:: Data below ::

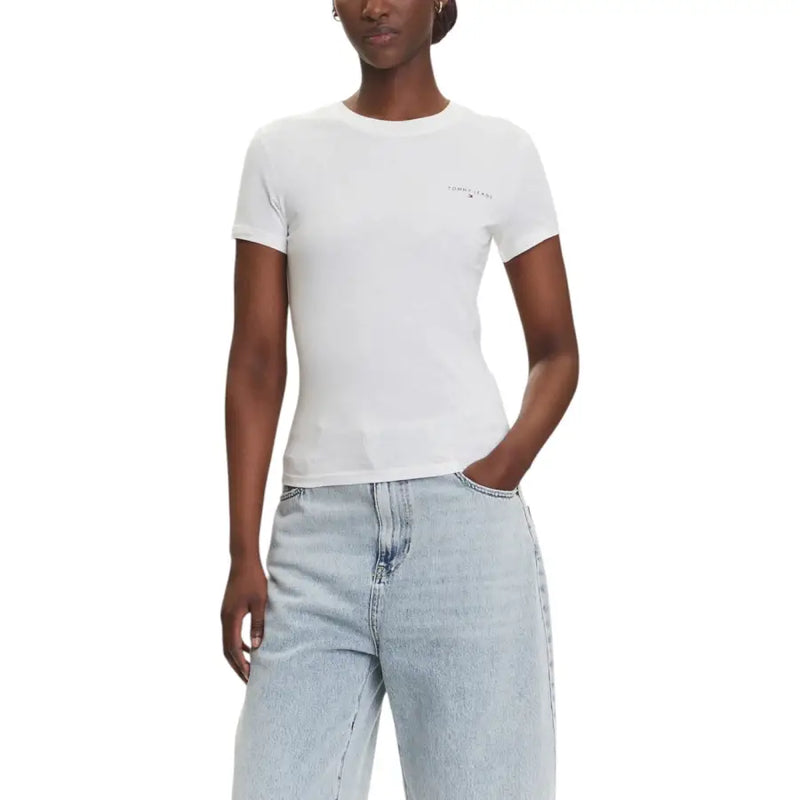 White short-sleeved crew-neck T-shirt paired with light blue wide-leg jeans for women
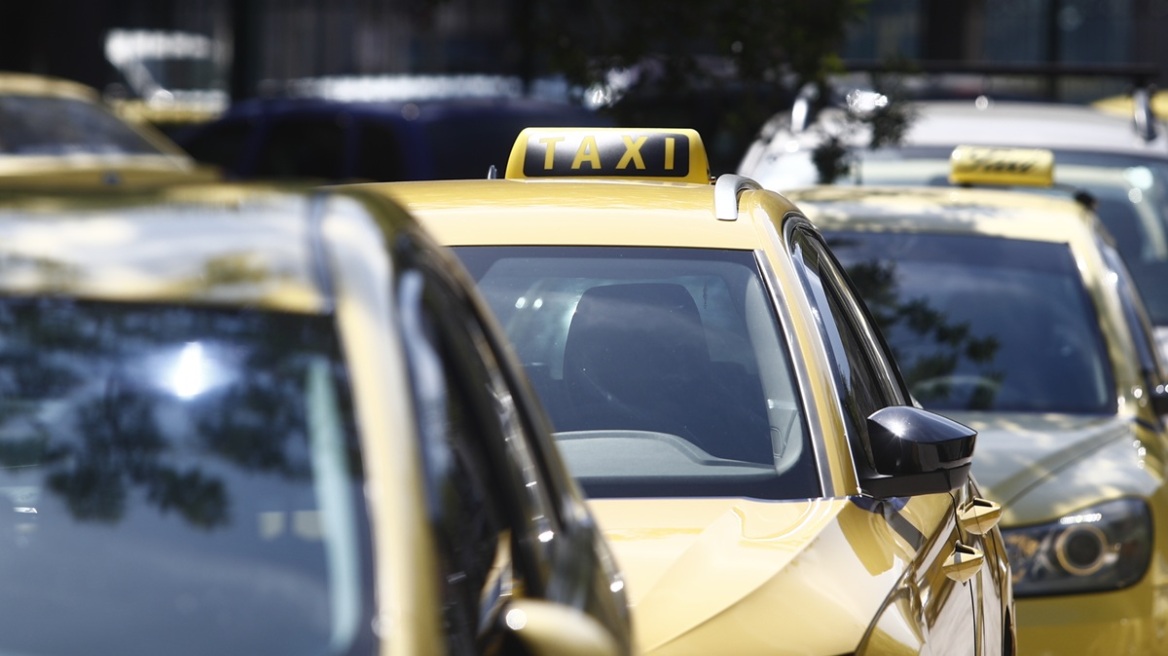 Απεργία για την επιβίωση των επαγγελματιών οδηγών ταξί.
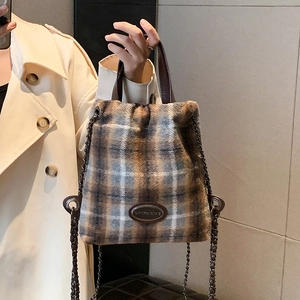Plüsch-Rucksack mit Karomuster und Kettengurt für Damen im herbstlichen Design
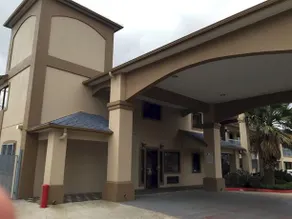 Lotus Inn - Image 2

:::

(Task directions)
Copy exactly, and only, the lines running from the one containing "Plüsch-Rucksack mit Karomuster" through the final line of the data, and omit the pictures.

(Written response)
Plüsch-Rucksack mit Karomuster und Kettengurt für Damen im herbstlichen Design
 Lotus Inn - Image 2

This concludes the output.